Dari hal tersebut kita bias melihat bahwa agama semakin terkesan ambivalen. Parahnya kecenderungan yang negative—seperti sumber konflik, dll—mencuat lebih dominan daripada yang positif. Kecenderungan ke arah negatif inilah yang kemudian harus segera dipotong mata rantai penyebarannya. Arman Dhani, penulis buku Dari Twitwar ke Twitwar, mengatakan bahwa sudah saatnya agama mempunyai juru bicara yang toleran, yang gemar menebar kedamaian, yang mencintai kemajuan, namun tetap menjaga identitasnya sebagai seorang pemeluk agama.

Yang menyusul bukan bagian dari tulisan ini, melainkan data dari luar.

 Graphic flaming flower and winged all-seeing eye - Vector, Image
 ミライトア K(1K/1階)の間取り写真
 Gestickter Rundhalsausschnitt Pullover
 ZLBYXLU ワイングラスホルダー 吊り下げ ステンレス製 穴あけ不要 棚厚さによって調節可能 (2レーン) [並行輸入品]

Pada dasarnya, agama tidaklah bersifat ambivalen. Semua agama selalu mengajarkan kebenaran tentang welas asih dan ketentraman. Namun yang terjadi adalah beragamnya penafsiran orang-orang terhadap agama, yang kemudian menimbulkan kesan bahwa agama terlihat ambivalen (ambivalensi beragama). Kita harus ingat bahwa antara agama dengan pemahaman agama adalah dua hal yang berbeda.
Ambivalensi beragama yang cenderung bergerak ke arah negatif harus kita lawan dengan membangun wacana tandingan yang lebih sejuk dan budiman. Intoleransi, kekerasan atas nama agama, diskriminasi terhadap minoritas harus diakhiri secepatnya, sekarang juga! Negara harus memberikan jaminan untuk mendapatkan hidup yang layak dan aman bagi setiap warganya. Menindak tegas pelaku teror dan mengembalikan Indonesia kepada suasana berkehidupan yang damai. Mencintai persatuan dan bijak terhadap kebhinekaan.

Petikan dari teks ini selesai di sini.